- _Information supplied_
*** Begin section ***
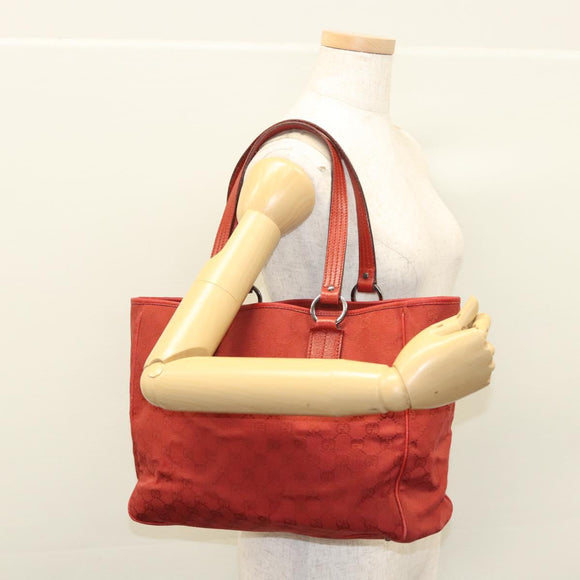 GUCCI GG Canvas Shoulder Bag Red 113017 Auth 117199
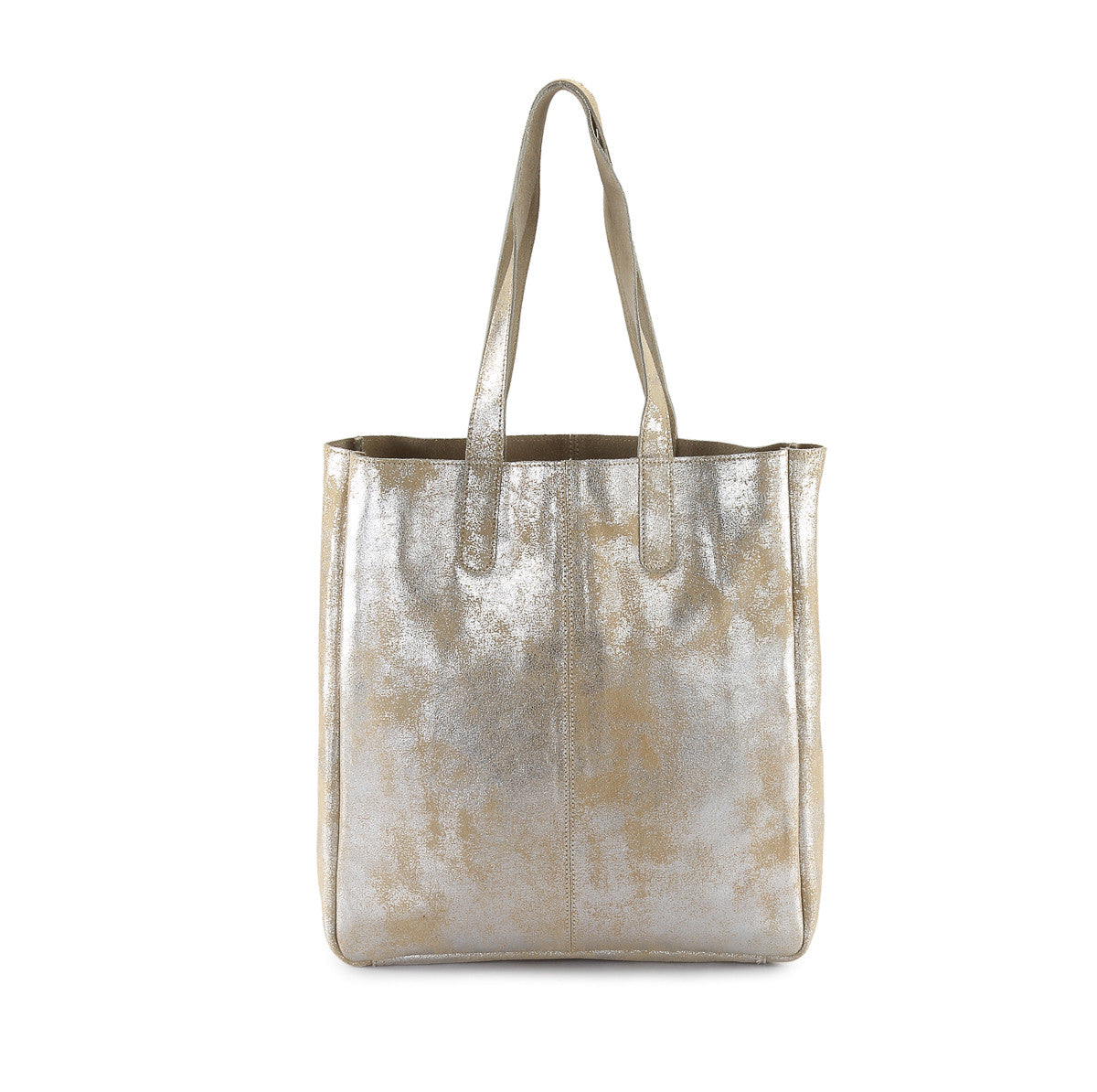 Hydestyle Metallic Sofia reversible leather tote bag #LB32 Beige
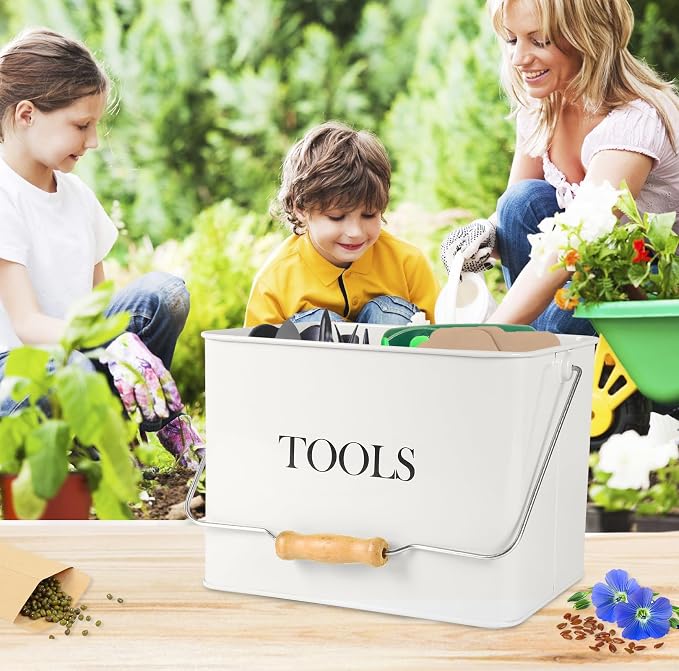 Garden Tool Organizer - Metal 3-Compartment Caddy With Handle, Indoor/Outdoor Use - White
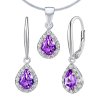 Set strieborných šperkov LAVENDER s pravým Ametystom - náušnice a prívesok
*** End section ***
- _Exercise_
Return the material exactly as given, apart from the pictures.

- _Answer to the exercise_
 GUCCI GG Canvas Shoulder Bag Red 113017 Auth 117199
 Hydestyle Metallic Sofia reversible leather tote bag #LB32 Beige
 Garden Tool Organizer - Metal 3-Compartment Caddy With Handle, Indoor/Outdoor Use - White
 Set strieborných šperkov LAVENDER s pravým Ametystom - náušnice a prívesok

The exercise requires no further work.